» Assignment:
All of the data that follows is to be printed exactly, without pictures.
:::
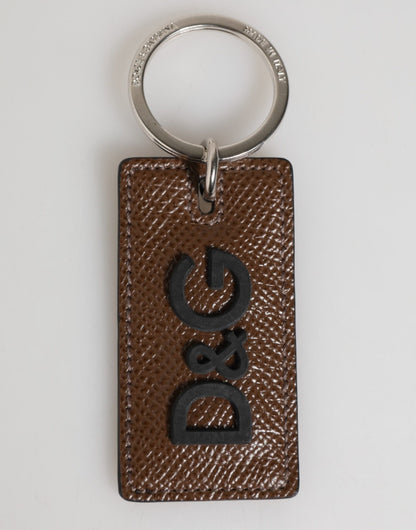 Dolce & Gabbana Dark Brown Leather Logo Metal Ring Keychain Holder Keyring – par Dolce & Gabbana | Disponible sur Sandy Store ByNet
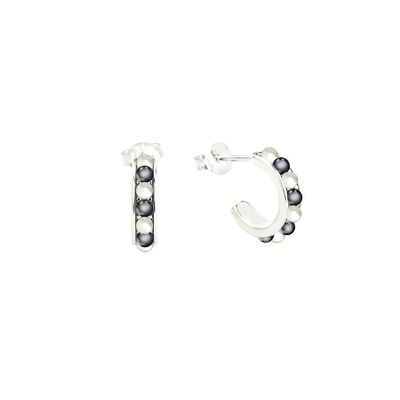 Grey and White MOP-Earhoops-9SY-0025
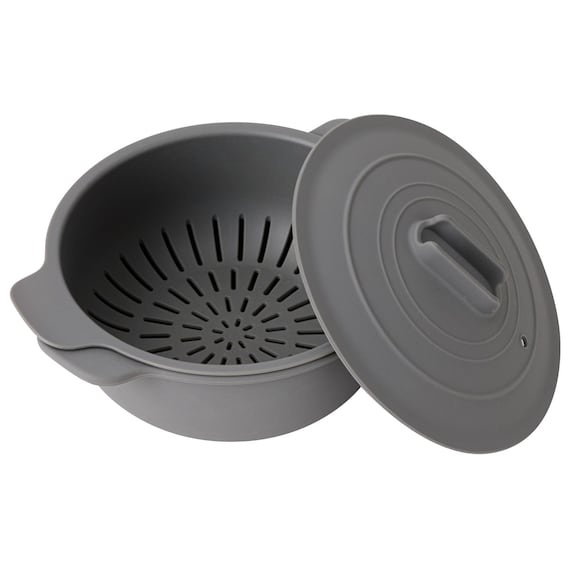 レンジ・オーブン 蒸し料理もできる 1台5役シリコーン 土鍋風ポット ザル付き (食洗機対応) 1枚目画像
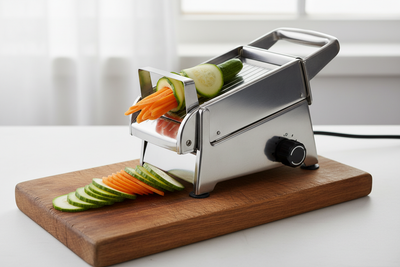 Mandoline de cuisine professionnelle en acier inoxydable avec légumes finement tranchés sur planche en bois
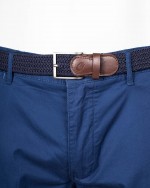 Short chino grande taille avec ceinture bleu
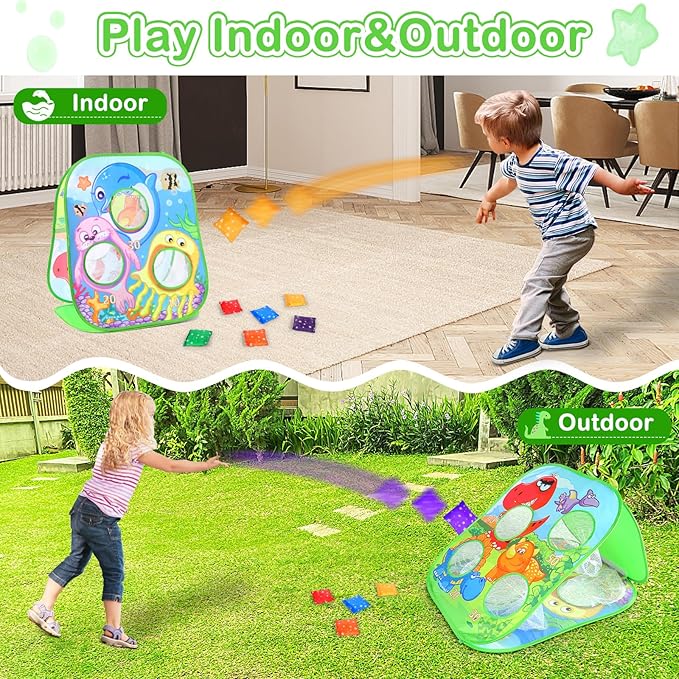 5-in-1 Bean Bag Toss Game for Kids, Animal Corn Hole Outdoor Toy for Toddler, Outside Yard Party Lawn Backyard Games Birthday Gift for Boy Girl Age 3 4 5 6 7 8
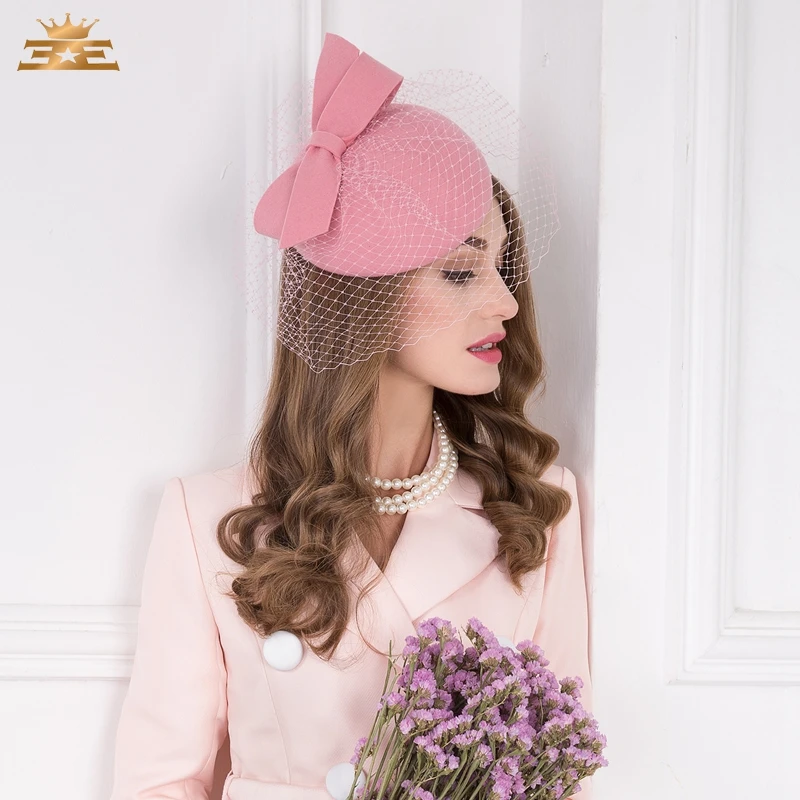 100% Шерстяная Фетровая Шляпа Fascinators для Женщин, Элегантное Розовое Свадебное Платье, Чайная вечеринка, Пиллбокс, Шерстяная Шапочка, Женская B-7535 . ' - ' . 2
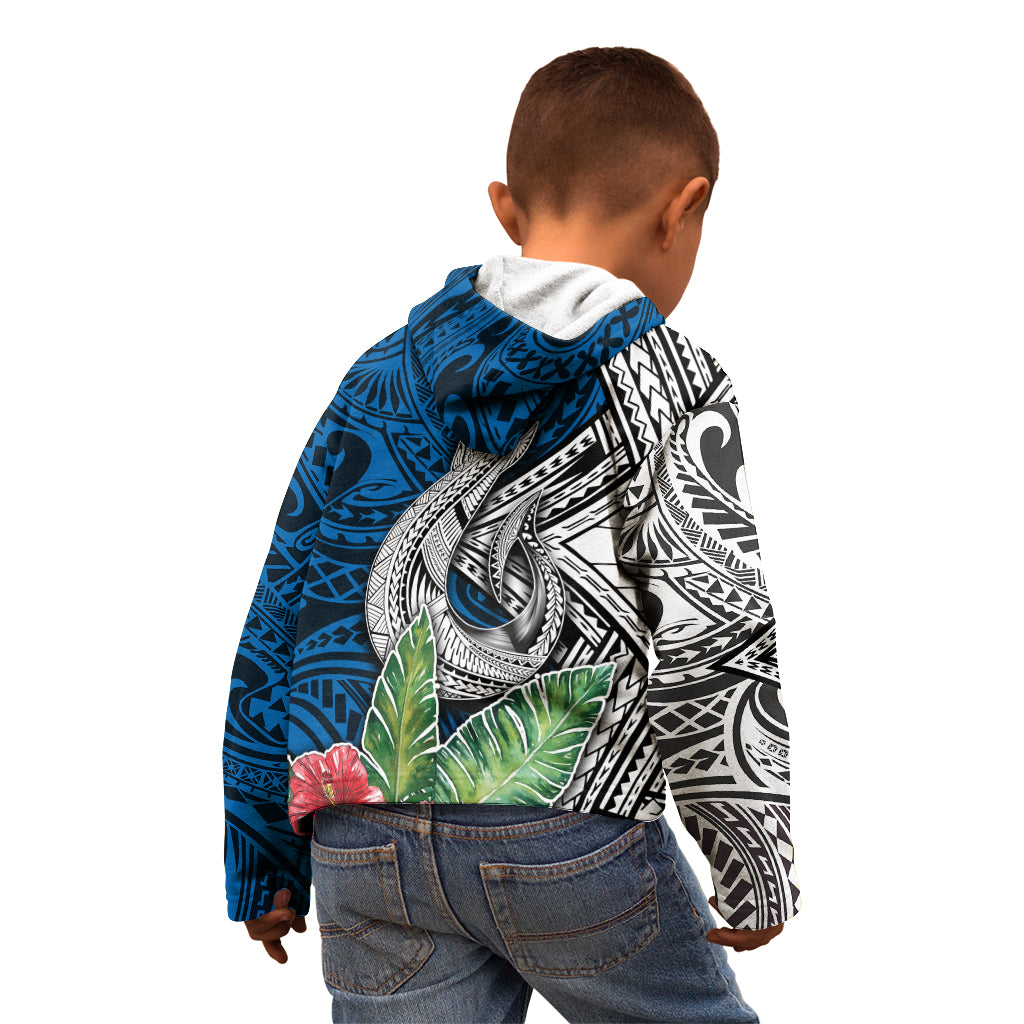 Polynesian Kid Hoodie Whale Pattern and Hibiscus Flowers TS04 - Polynesian Pride
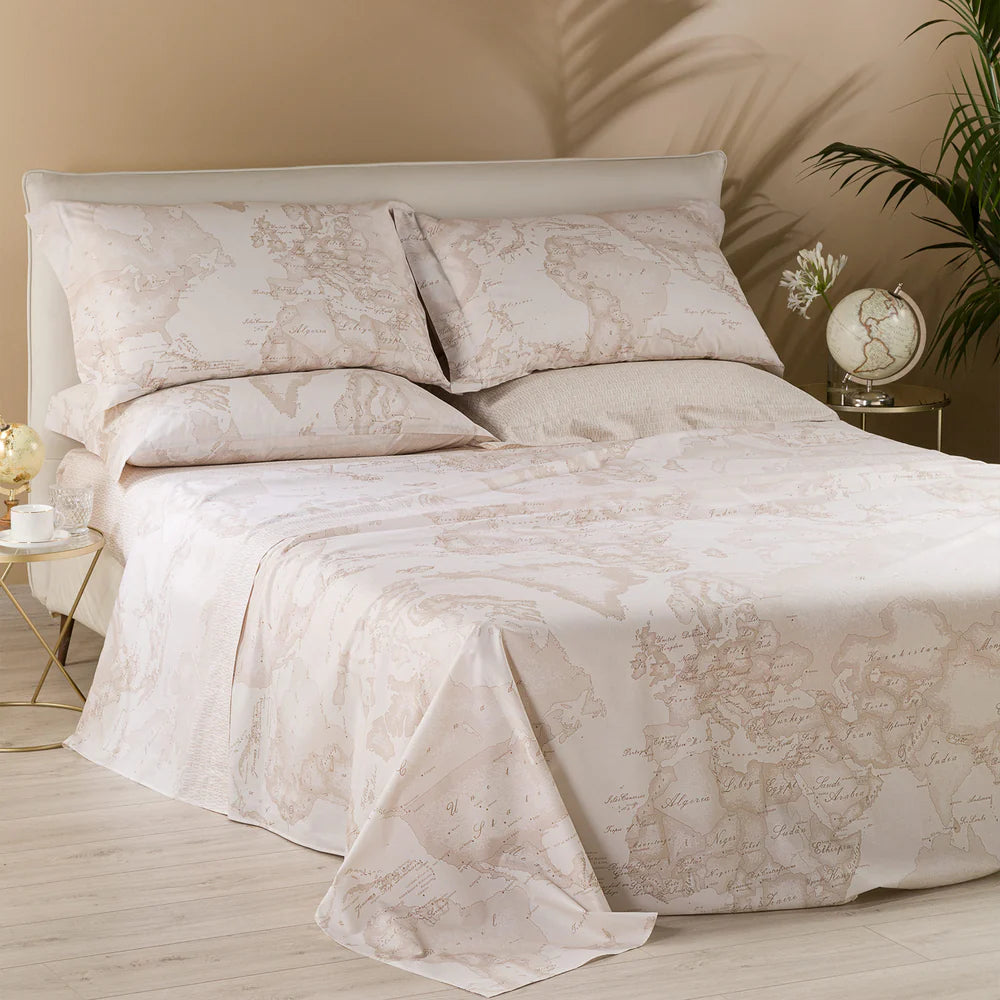Lenzuola Copriletto In Percalle Geo White Matrimoniale Alviero Martini 1A Classe
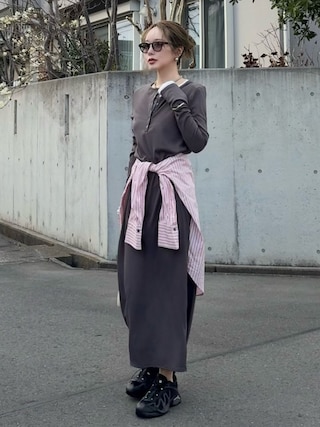 「by LEGNA（バイレグナ）の【選べる丈感】リブマキシヘンリーネックワンピース（ワンピース）」を使った、shino◡̈*❤︎さん（レディース・154cm）の春コーディネート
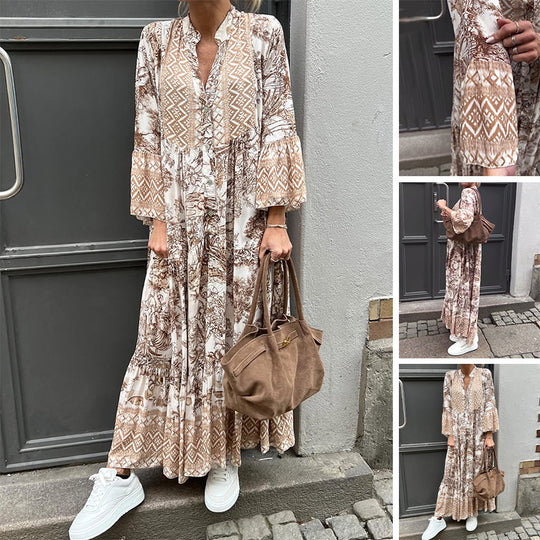 Damen nan Stufenmaxikleid mit Ethno-Bordüre, Stehkragen und weiten Glockenärmeln R&B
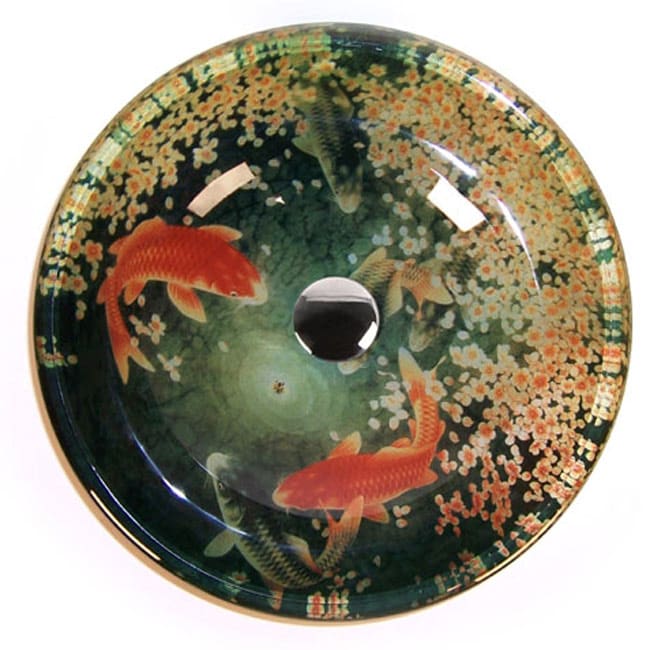 Fontaine Koi and Lily Pond Glass Vessel Bathroom Sink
:::
» Answer box:
 Dolce & Gabbana Dark Brown Leather Logo Metal Ring Keychain Holder Keyring – par Dolce & Gabbana | Disponible sur Sandy Store ByNet
 Grey and White MOP-Earhoops-9SY-0025
 レンジ・オーブン 蒸し料理もできる 1台5役シリコーン 土鍋風ポット ザル付き (食洗機対応) 1枚目画像
 Mandoline de cuisine professionnelle en acier inoxydable avec légumes finement tranchés sur planche en bois
 Short chino grande taille avec ceinture bleu
 5-in-1 Bean Bag Toss Game for Kids, Animal Corn Hole Outdoor Toy for Toddler, Outside Yard Party Lawn Backyard Games Birthday Gift for Boy Girl Age 3 4 5 6 7 8
 100% Шерстяная Фетровая Шляпа Fascinators для Женщин, Элегантное Розовое Свадебное Платье, Чайная вечеринка, Пиллбокс, Шерстяная Шапочка, Женская B-7535 . ' - ' . 2
 Polynesian Kid Hoodie Whale Pattern and Hibiscus Flowers TS04 - Polynesian Pride
Lenzuola Copriletto In Percalle Geo White Matrimoniale Alviero Martini 1A Classe
 「by LEGNA（バイレグナ）の【選べる丈感】リブマキシヘンリーネックワンピース（ワンピース）」を使った、shino◡̈*❤︎さん（レディース・154cm）の春コーディネート
 Damen nan Stufenmaxikleid mit Ethno-Bordüre, Stehkragen und weiten Glockenärmeln R&B
 Fontaine Koi and Lily Pond Glass Vessel Bathroom Sink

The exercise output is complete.